The Income Statement of Unity Trading Enterprise (UTE) for the year ended 31 December 2016 as prepared by an Accounts Assistant indicated a net profit of GH¢49,360,000. However, the cash book on 31 December 2016 showed a balance at bank to be GH¢6,440,000. Your attention is however drawn to the following:

i) Cheques from customers totaling GH¢4,980,000 which were recorded in the cash book on 20 December 2016 were actually not credited by the bank until 2 January 2017.

ii) Cheques issued on 13 December 2016 totaling GH¢7,420,000 in favour of suppliers were actually not paid by the bank until after the end of the year (that is after 31 December 2016).

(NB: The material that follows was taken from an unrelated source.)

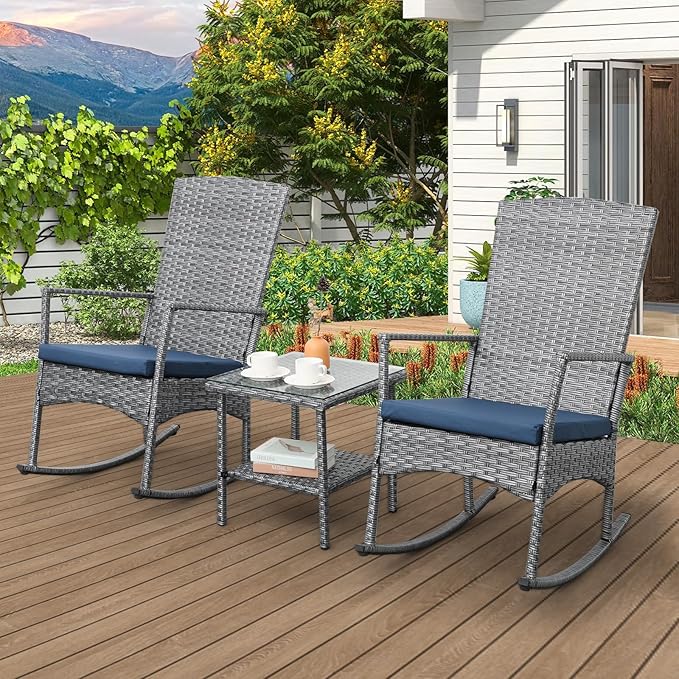 Rocking Chair Outdoor 3 Pieces High-Backed Patio Rocking Chairs Bistro Table by Unknown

iii) On 22 November 2016, the bank paid an amount of GH¢3,600,000 with respect to a standing order from UTE for rent of business premises for the three months to 31 January 2017 but unfortunately, no entry for this payment had been made in the cash book. Additionally, no provision of this outstanding rent had been made in the income statement for the period.

iv) On 31 December 2016, a customer known as Mr. Abuusu had paid GH¢2,340,000 into UTE bank account through a standing order to his bankers in full settlement of a debit balance of GH¢2,400,000 in UTE sale ledger, but no entry had been made in the books.

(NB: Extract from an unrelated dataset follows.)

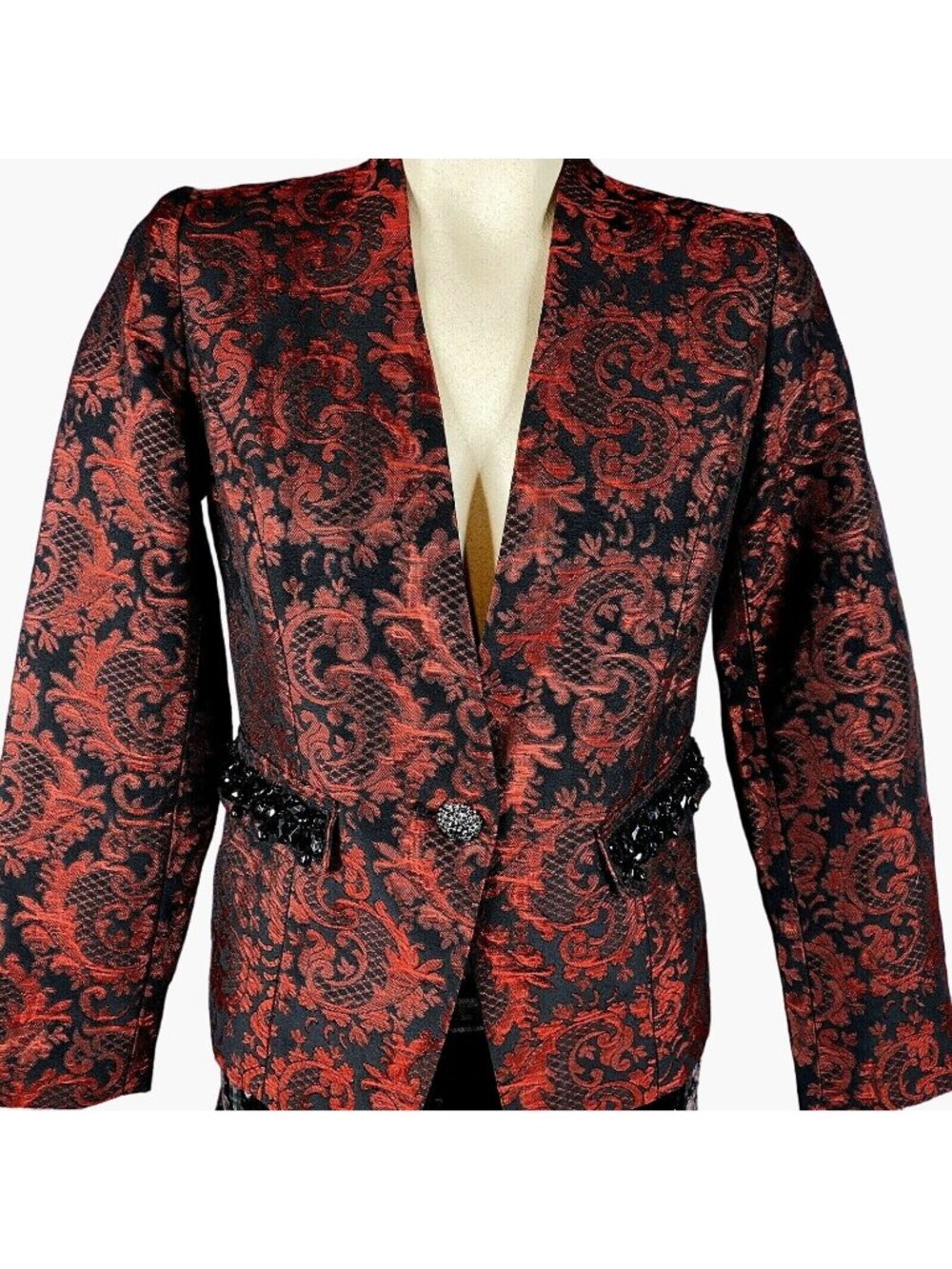 Chicos 00 Paisley Damask Jacket XS Sz 2  Red Black Beaded Pockets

v) On 30 December 2016, a cheque for GH¢480,000 was received from a customer in settlement of sales invoice for the same amount. The cheques were lodged into UTE bank account. Both sale of goods and the cheque were entered in UTE’s books. However, on 31 December 2016, the customer returned the goods and also instructed her bankers not to pay the cheque (This instruction was carried out the same day) but no entries in respect of these latter developments have been made in UTE’s books. The cost of these goods amounting to GH¢320,000 were not actually included in the closing inventories.

vi) A cheque for GH¢840,000 from an insurance company in settlement of claim for fire damage to inventory had been paid into the bank and credited by the bank on 21 December 2016, but an estimated amount of GH¢800,000 had been entered in UTE’s income statement.

Required:
a) Prepare a statement on 31 December 2016, indicating clearly the cash book balance. (5 marks)

b) Prepare the bank reconciliation statement for UTE. (5 marks)

c) Prepare a statement of corrected net profit of UTE on 31 December 2016. (5 marks)

d) Explain TWO reasons for carrying out bank reconciliation. (2 marks)

e) Explain why the bank statement is usually taken as being more accurate than the details that appear in the company’s own records. (2 marks)

f) Indicate how the bank balance will be reported in UTE’s final accounts. (1 mark)

d) Reasons for carrying out bank reconciliation:

  1. Accuracy Check: To confirm the accuracy of entries in the cash book and bank statement.
  2. Error Detection: To uncover any errors or discrepancies between the company’s records and the bank’s records.

(2 marks)

e) Accuracy of Bank Statement:

The bank statement is considered more accurate as it is prepared by the bank, which is an independent entity and less prone to internal errors or manipulation compared to the company’s internal records.

(2 marks)

f) Reporting Bank Balance in Final Accounts:

The bank balance will be reported as a current asset if it is positive or as a current liability if it is negative in the statement of financial position.